Everything in the listing below needs restating exactly, apart from the pictures.

----

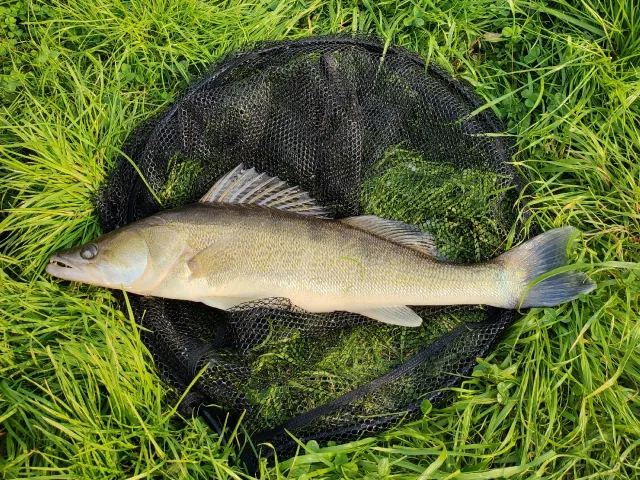 Zander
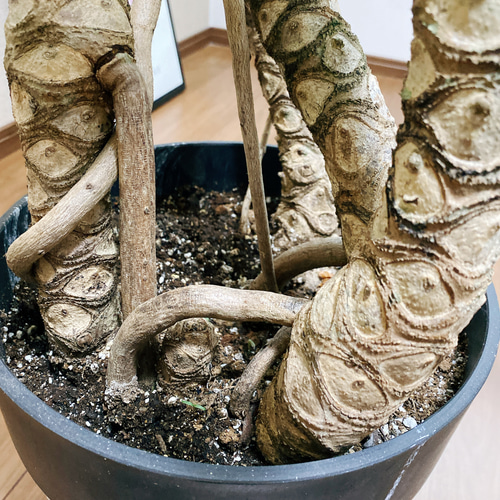 現品］フィロデンドロン クッカバラ 観葉植物 大型 室内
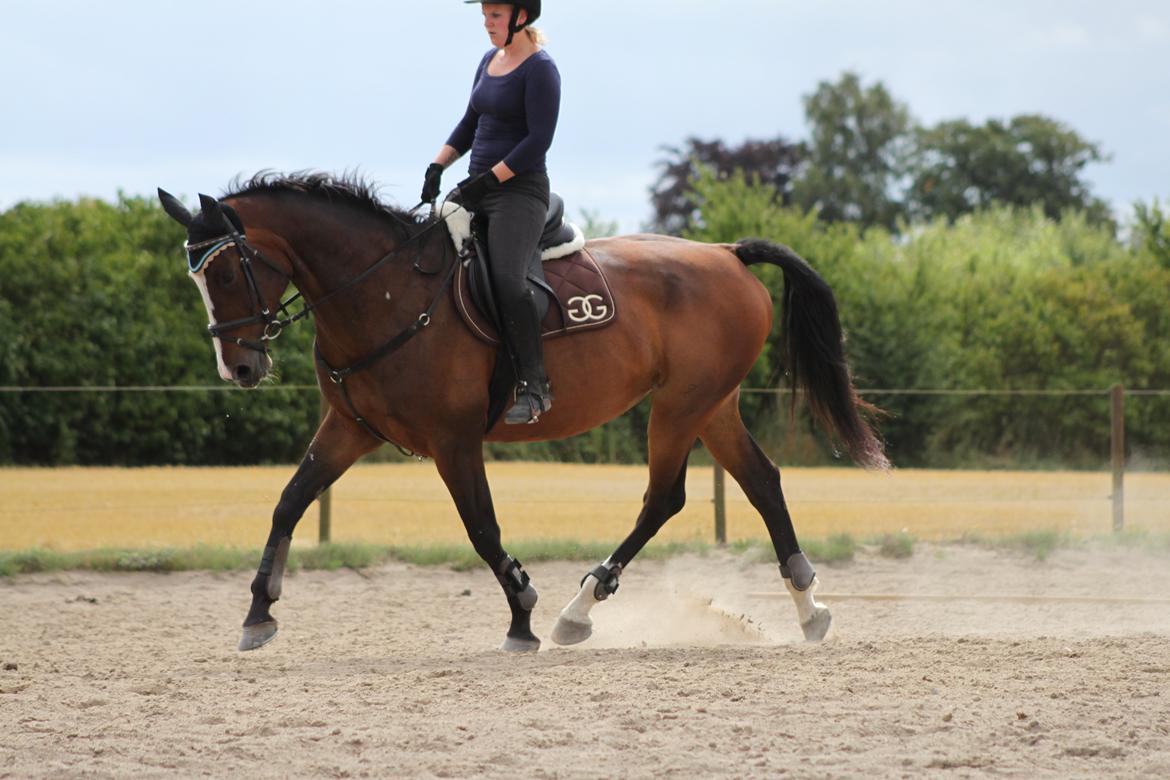 Oldenborg Fie billede 16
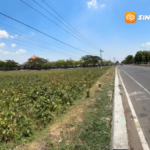 Pemkab Madiun Siapkan Rp5 Miliar untuk Perluasan Kawasan Delta di Caruban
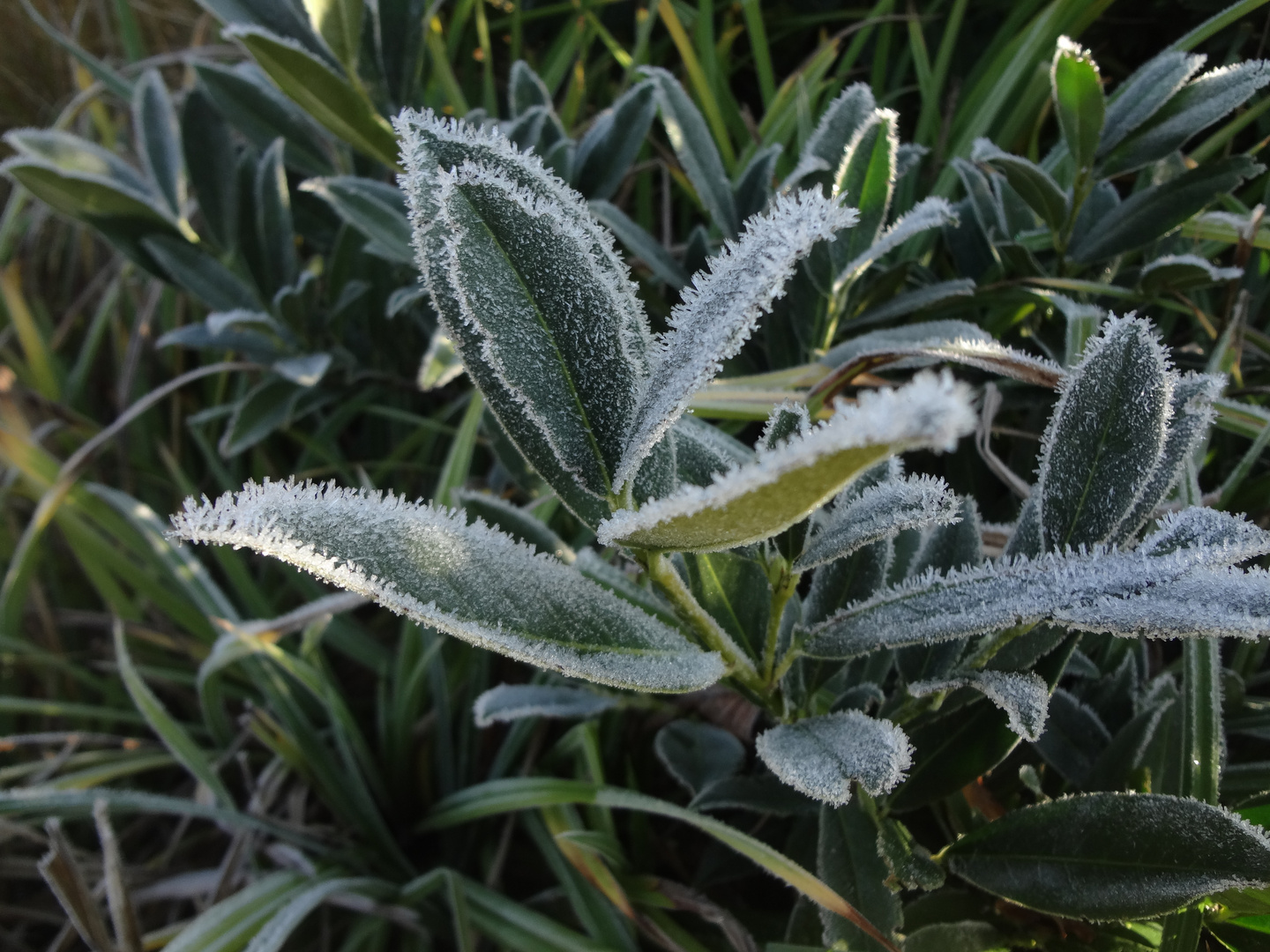 sommer - winter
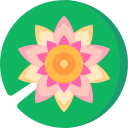flor de loto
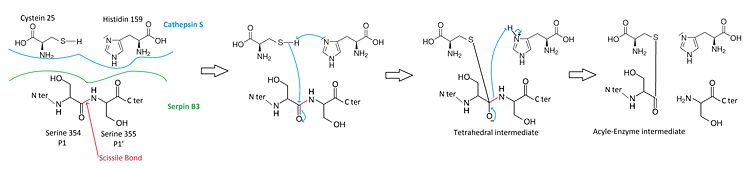 Mecanism of cathepsin S-inhibition by serpin B3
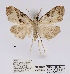  (Meganola ochrographa - ANHRTUK00054984)  @11 [ ] COPYRIGHT (2021) Unspecified ANHRT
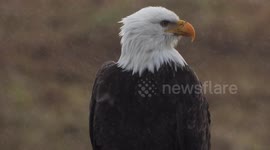 Bald eagle in the rain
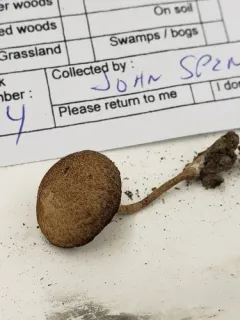 Cystoagaricus subamarus thumbnail 1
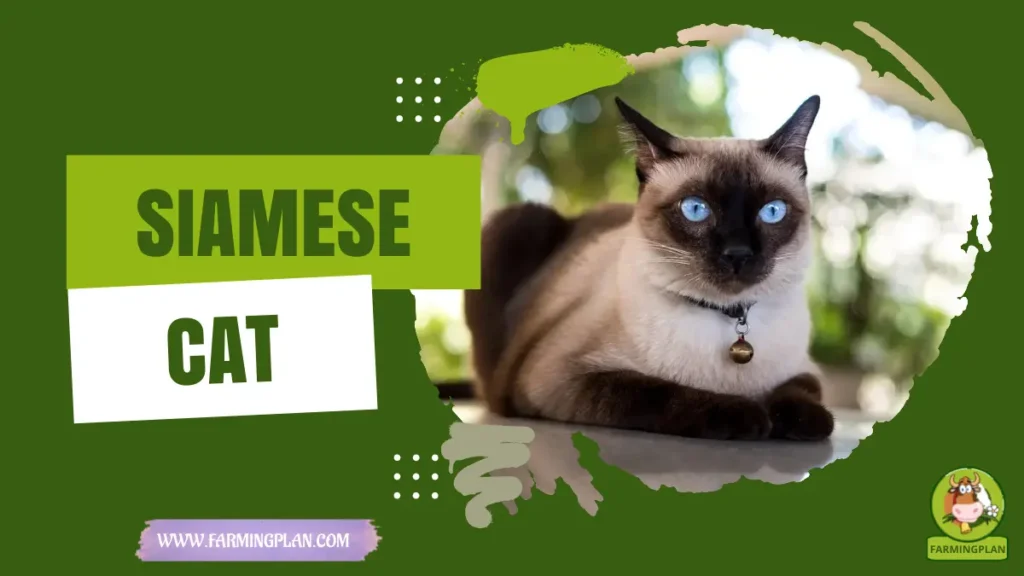 Siamese Cats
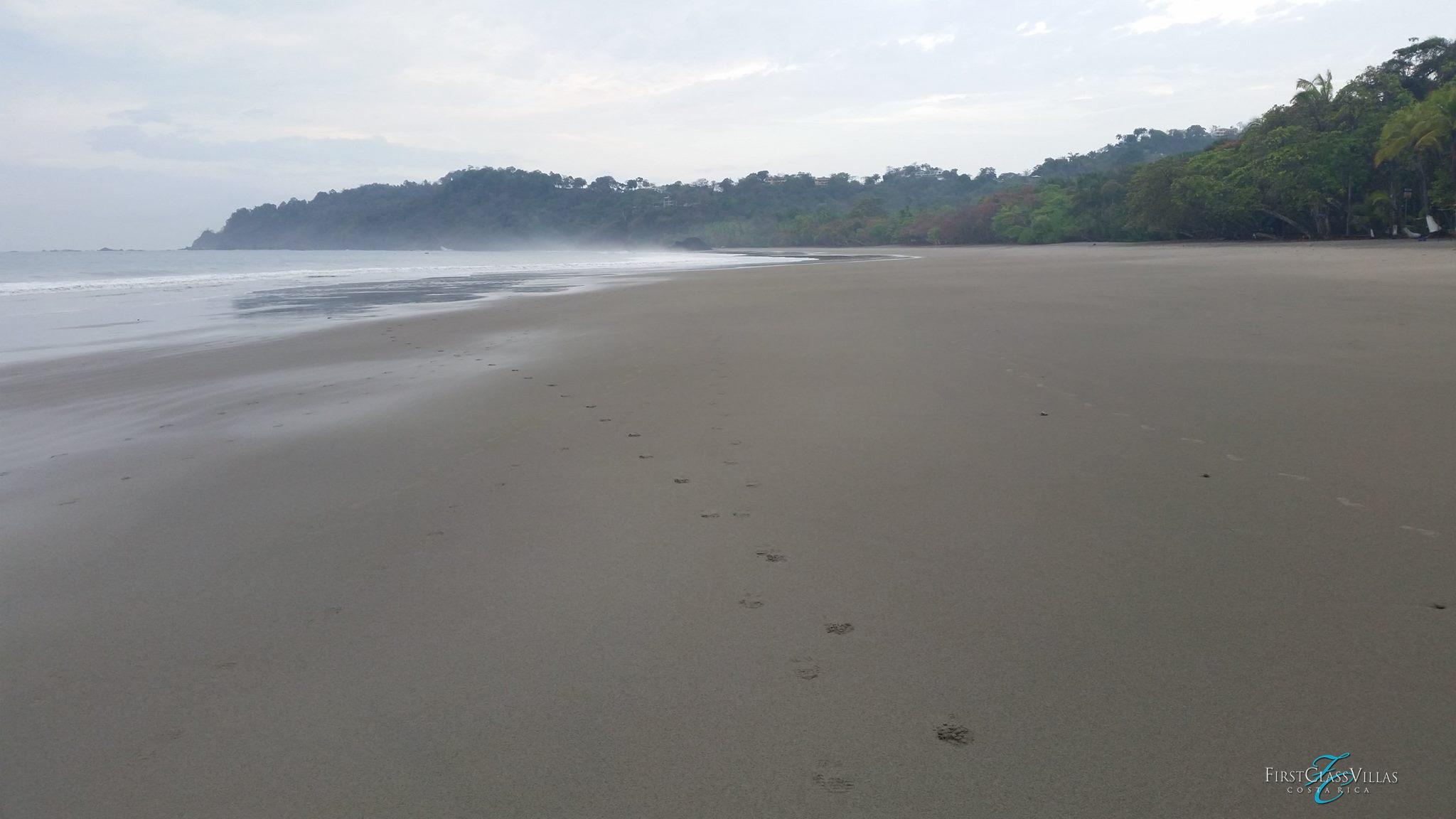 Deserted beach manuel Antonio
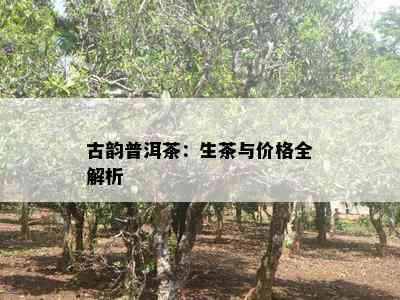 古韵普洱茶：生茶与价格全解析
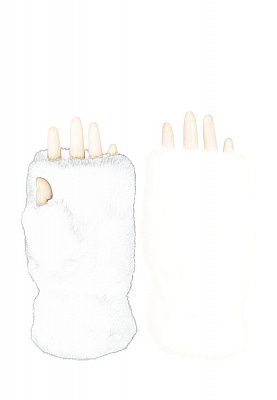   mit71  | Lorentino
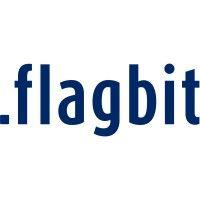 flagbit gmbh & co. kg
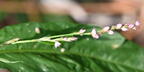 bristly ladys thumb persicaria longiseta farm 6008 11sep26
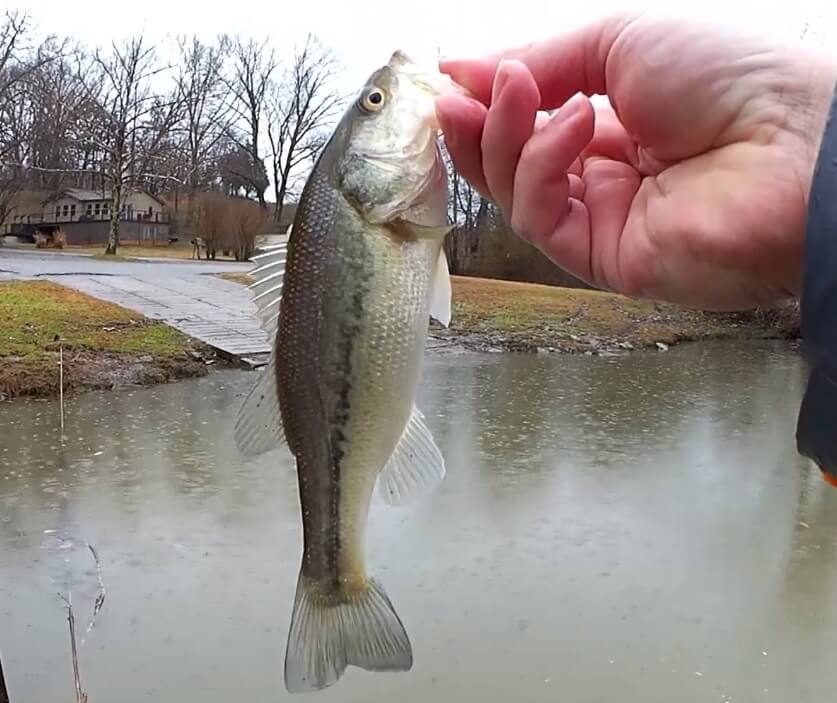 Early Spring Bass Fishing When Do the Bass Show Up at the Bank - Realistic Fishing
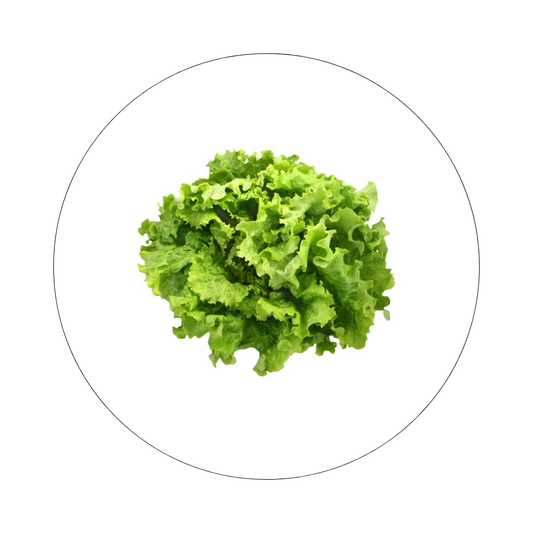 Poche de Salade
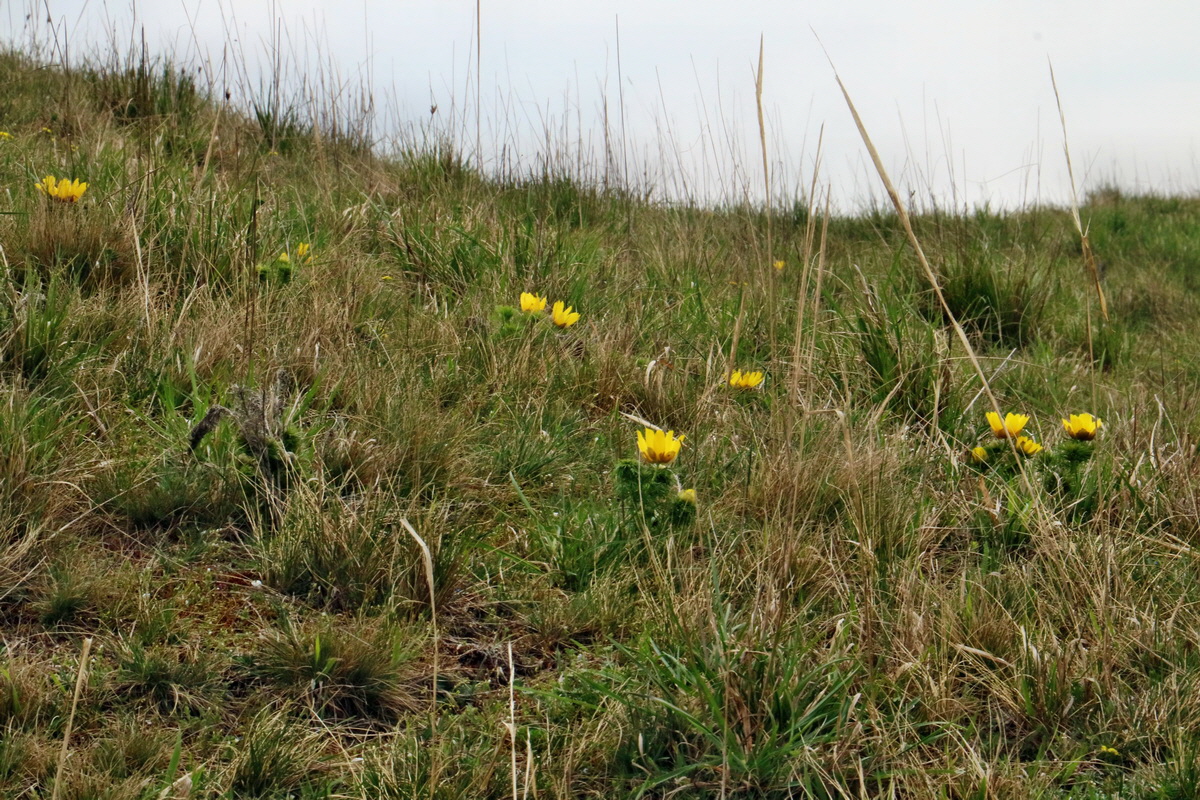 RNA-2017-04-04-00027789p_Bildgr��e �ndern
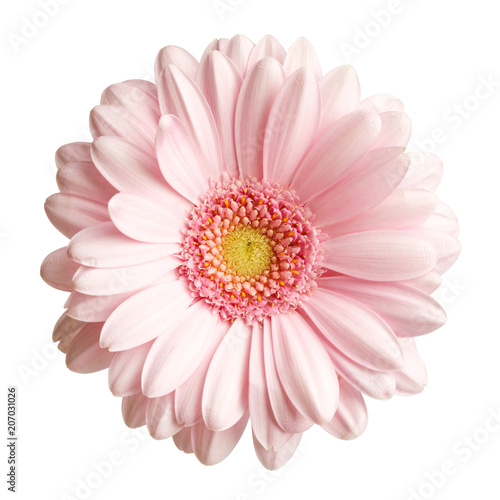 Billede på lærred Pink gerbera flower isolated on white background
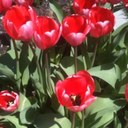 Brenda Sleeper - @betippie - Twitter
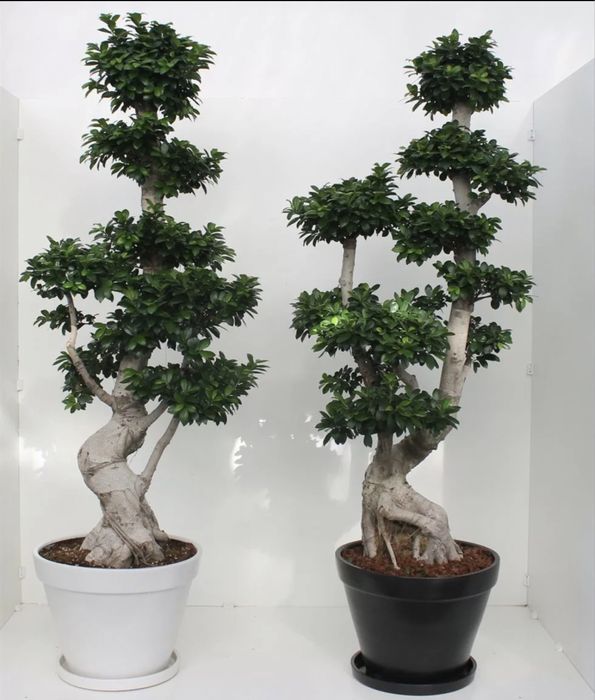 Бонсай дерево миллионера высота 120 см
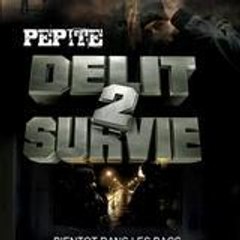 malfaiteurs pepite
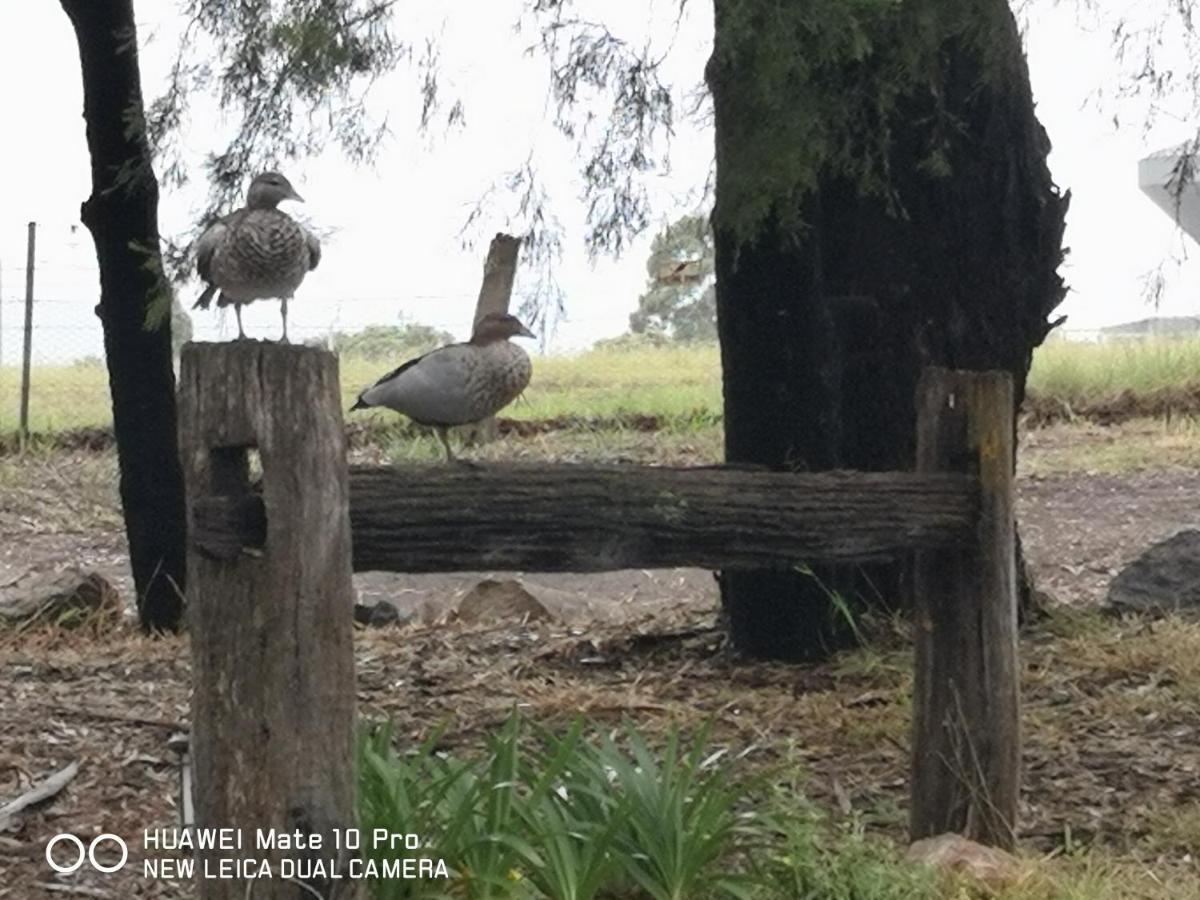 Kalimna Woods Cottages Lakes Entrance Ngoại thất bức ảnh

----

Output:
 Zander
 現品］フィロデンドロン クッカバラ 観葉植物 大型 室内
 Oldenborg Fie billede 16
 Pemkab Madiun Siapkan Rp5 Miliar untuk Perluasan Kawasan Delta di Caruban
 sommer - winter
flor de loto
 Mecanism of cathepsin S-inhibition by serpin B3
  (Meganola ochrographa - ANHRTUK00054984)  @11 [ ] COPYRIGHT (2021) Unspecified ANHRT
 Bald eagle in the rain
 Cystoagaricus subamarus thumbnail 1
 Siamese Cats
 Deserted beach manuel Antonio
 古韵普洱茶：生茶与价格全解析
   mit71  | Lorentino
 flagbit gmbh & co. kg
 bristly ladys thumb persicaria longiseta farm 6008 11sep26
 Early Spring Bass Fishing When Do the Bass Show Up at the Bank - Realistic Fishing
 Poche de Salade
 RNA-2017-04-04-00027789p_Bildgr��e �ndern
 Billede på lærred Pink gerbera flower isolated on white background
 Brenda Sleeper - @betippie - Twitter
 Бонсай дерево миллионера высота 120 см
 malfaiteurs pepite
 Kalimna Woods Cottages Lakes Entrance Ngoại thất bức ảnh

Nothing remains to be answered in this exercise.